Sports

Wimbledon 2026: The Championships at the All England Club

Wimbledon 2026 runs July 6-19 — the world's oldest and most prestigious tennis Grand Slam returns to the All England Club with two weeks of world-class tennis, strawberries and cream, and the iconic Queue.

July 6, 2026 – July 19, 2026 · GB

The Sound of a Tennis Ball on Grass

You hear it before you see the court. A soft, flat thud — nothing like the hard-court crack you’re used to from TV. The ball skids lower, moves faster, and the rallies are shorter. That’s the first thing that surprises you about Wimbledon in person: how different grass tennis actually sounds.

Pristine grass court at the All England Club
The grass at SW19 is cut to exactly 8mm during the Championships

The All England Lawn Tennis and Croquet Club has hosted this tournament since 1877. Wimbledon 2026 runs July 6 to 19 — two weeks on the manicured courts of SW19 in south-west London. It’s the only Grand Slam still played on grass, the original surface of tennis, and the one that rewards a style of play you don’t see much anymore: serve-and-volley, chip-and-charge, the kind of aggressive net approaches that look almost reckless on clay or hardcourt.

The retractable roofs on Centre Court (2009) and No. 1 Court (2019) mean rain doesn’t stop play on the show courts anymore, though the outer courts still get rained out regularly. This is England. Plan accordingly.

The Queue, or: How the British Invented Competitive Waiting

Wimbledon’s most famous tradition has nothing to do with tennis. The Queue — always capitalized, always spoken of with a certain reverence — is the overnight camping line that forms in Wimbledon Park, where fans wait for the chance to buy day-of-play tickets.

Everyone who joins gets a Queue Card with the rules printed on it. No jumping the line. No saving spots. No excessive noise after 10pm. Stewards actually patrol. It is, without exaggeration, the most orderly campout on the planet.

The dedicated ones arrive by mid-afternoon the day before, setting up tents in neat rows. By dawn there are hundreds of people, maybe a thousand. Strangers share thermoses of tea and swap predictions about the draw. There’s a camaraderie that feels genuine — you’re all slightly mad for being there at 4am, and that shared madness bonds people.

Fans camping in the Queue at Wimbledon Park
The Queue has its own code of conduct, printed on a card

Around 500 show court tickets get released through the Queue each day, plus several thousand grounds passes. Arriving before 6am gives you the best shot at a grounds pass. For Centre Court through the Queue, you’d need to have camped overnight — and even then it’s not guaranteed.

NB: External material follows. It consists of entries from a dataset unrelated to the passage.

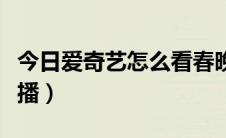 今日爱奇艺怎么看春晚（爱奇艺怎么看春晚直播）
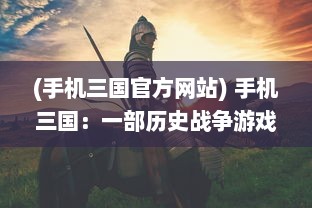 (手机三国官方网站) 手机三国：一部历史战争游戏的深度解析与玩家心得分享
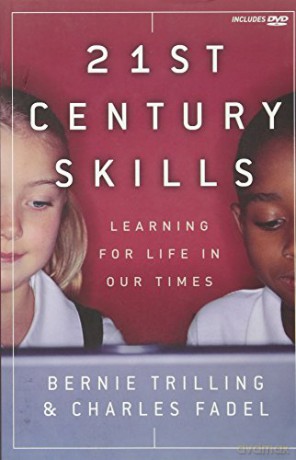 21st Century Skills: Learning for Life in Our Times - Bernie Trilling [KSIĄŻKA]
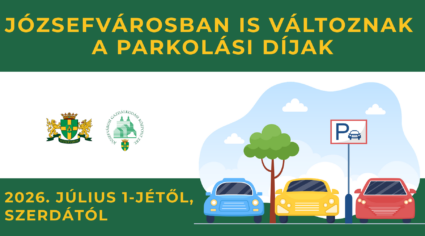 Józsefvárosban is változnak a parkolási díjak 2026. július 1-jétől, szerdától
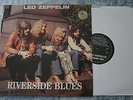 Led Zeppelin Riverside Blues Lp
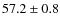 $ 57.2\pm 0.8$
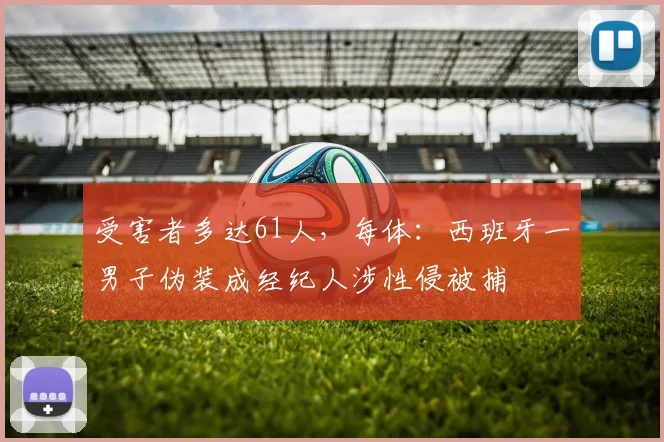 受害者多达61人，每体：西班牙一男子伪装成经纪人涉性侵被捕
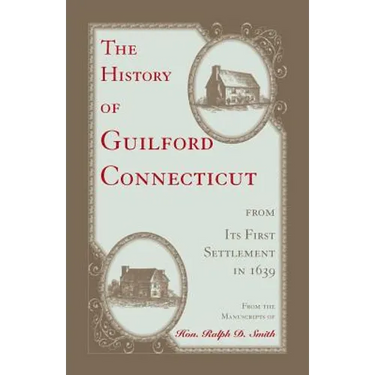 The History of Guilford, Connecticut, from its first settlement in 1639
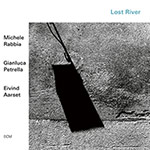 Rabbia / Petrella / Aarset – Lost River (Cover)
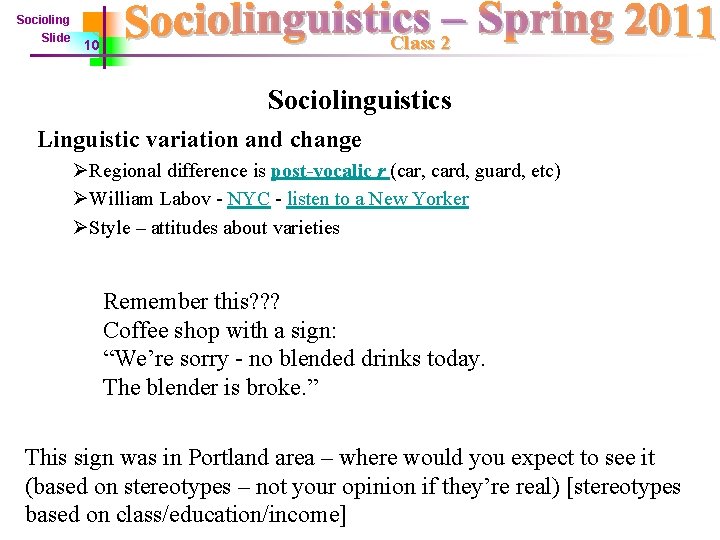 Socioling Slide Class 2 10 Sociolinguistics Linguistic variation and change ØRegional difference is post-vocalic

Here’s the honest bit: the Queue is uncomfortable. The ground is hard, it might rain, the portable toilets are what you’d expect, and if you’re there in July the sun can be brutal from about 7am onward with nowhere to hide. Bring a decent camping mat, layers for the overnight cold, sunscreen for the morning, and a portable phone charger. Whether the experience is worth it depends entirely on how much you enjoy the ritual of it.

Where to Watch

Centre Court

14,979 seats, all finals, most semi-finals. The atmosphere during a close match is something else — the crowd tries to stay polite (there are actual shushing sounds between points) but loses composure completely during tiebreaks. Tickets are the hardest to get and the most expensive. If you’re in the ballot, this is what you hope for.

The Outer Courts

This is where regulars say the real experience is. Courts 2 through 18 during the first week — you can sit meters from a top-20 player, close enough to hear them grunt, close enough that a misfired backhand might land near your feet. The atmosphere is relaxed, you drift between courts, and the quality of tennis in the early rounds is genuinely high.

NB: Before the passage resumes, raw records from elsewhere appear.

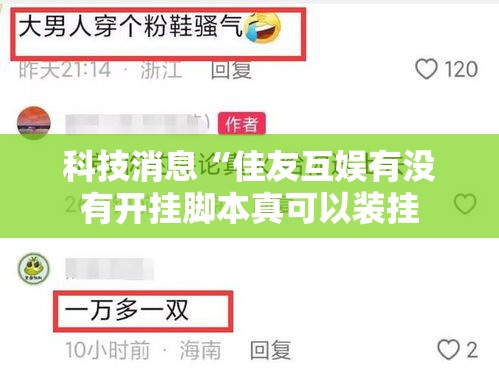 科技消息“佳友互娱有没有开挂脚本真可以装挂 科技消息“佳友互娱有没有开挂脚本真可以装挂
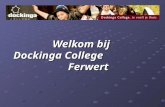 Welkom bij Dockinga College Ferwert. Onderwerpen *Identiteit en missie * Schoolkeuze * Aanbod Ferwert * Onderwijs en begeleiding * Aanmelding * Open dag.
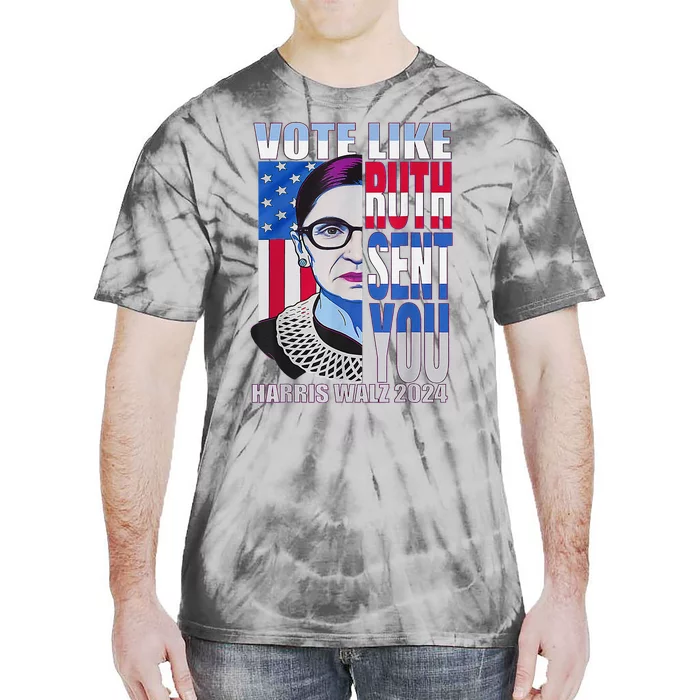 Vote Like Ruth Sent You Feminist Voting Inspirational Tie-Dye T-Shirt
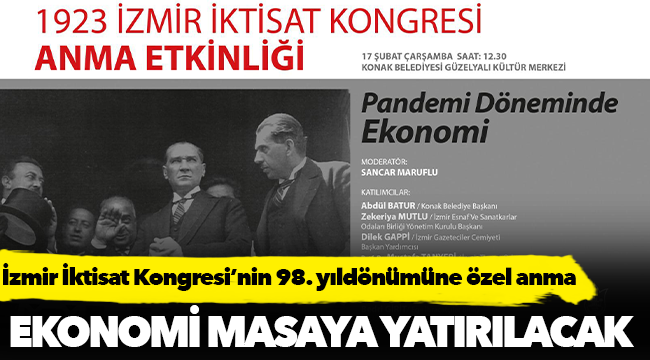 İzmir İktisat Kongresi’nin  98. yıldönümüne özel anma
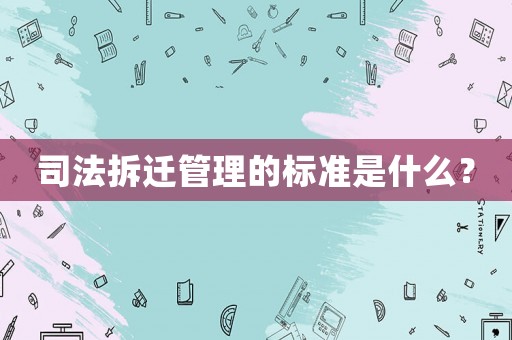 司法拆遷管理的標準是什么？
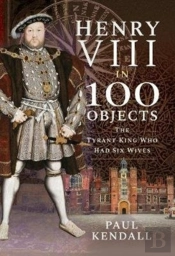 Henry Viii In 100 Objects
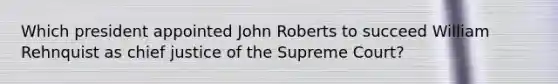 Which president appointed John Roberts to succeed William Rehnquist as chief justice of the Supreme Court?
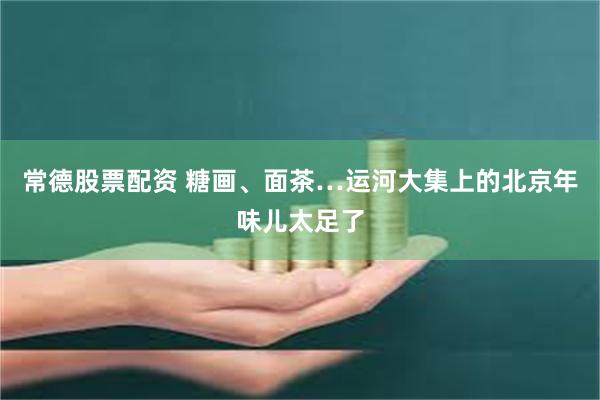 常德股票配资 糖画、面茶…运河大集上的北京年味儿太足了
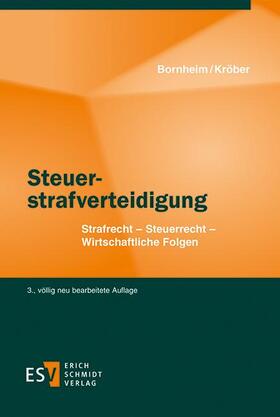 Kröber / Bornheim |  Steuerstrafverteidigung | Buch |  Sack Fachmedien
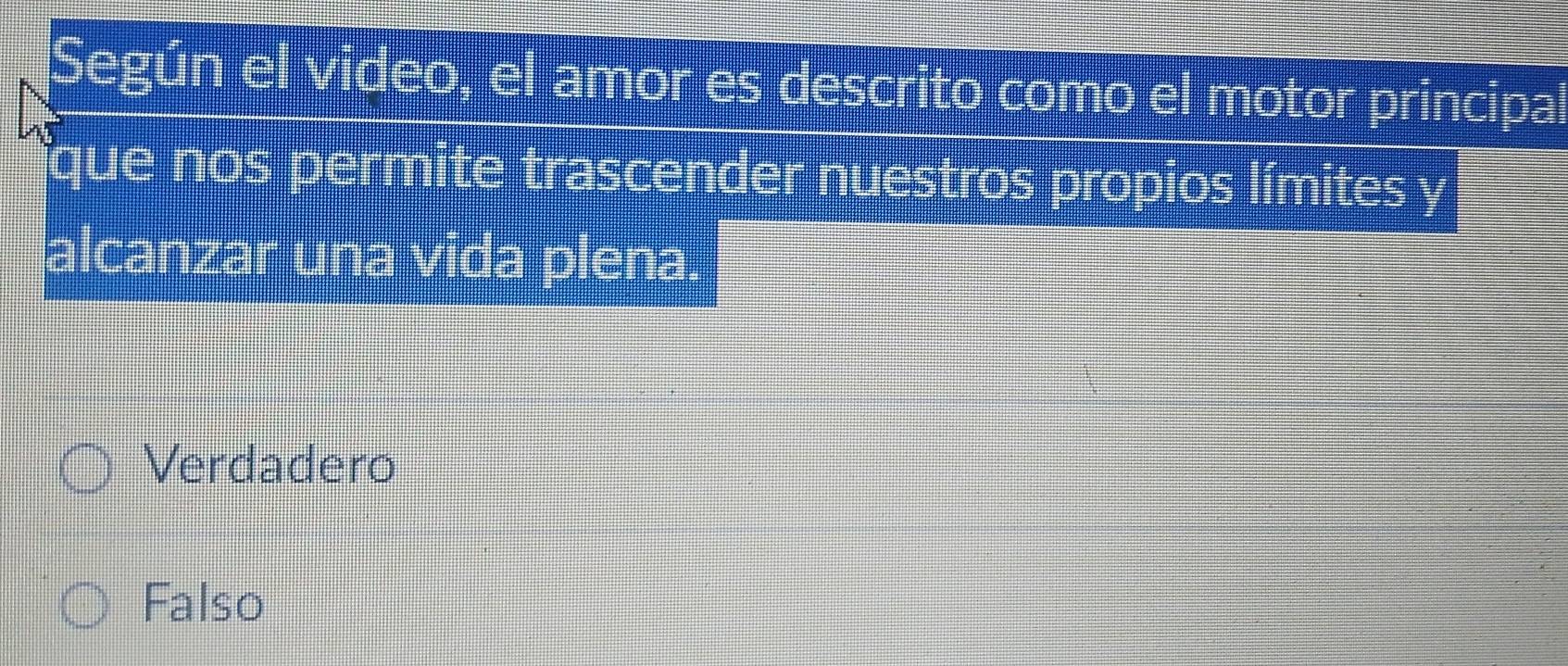 Según el video, el amor es descrito como el motor principal
que nos permite trascender nuestros propios límites y
alcanzar una vida plena.
Verdadero
Falso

No. 1 Court has 12,345 seats and its own roof. It’s good. But if I had to choose between a No. 1 Court seat and a full day wandering the outer courts during Week 1, I’d take the outer courts.

Henman Hill

The grassy slope beside No. 1 Court, with a giant screen. Originally named for Tim Henman, unofficially renamed Murray Mound for Andy Murray, but everyone still calls it Henman Hill. Thousands of people sit on the grass watching the big matches together. The collective gasp when a rally ends is genuinely thrilling. Bring something to sit on — the grass gets muddy.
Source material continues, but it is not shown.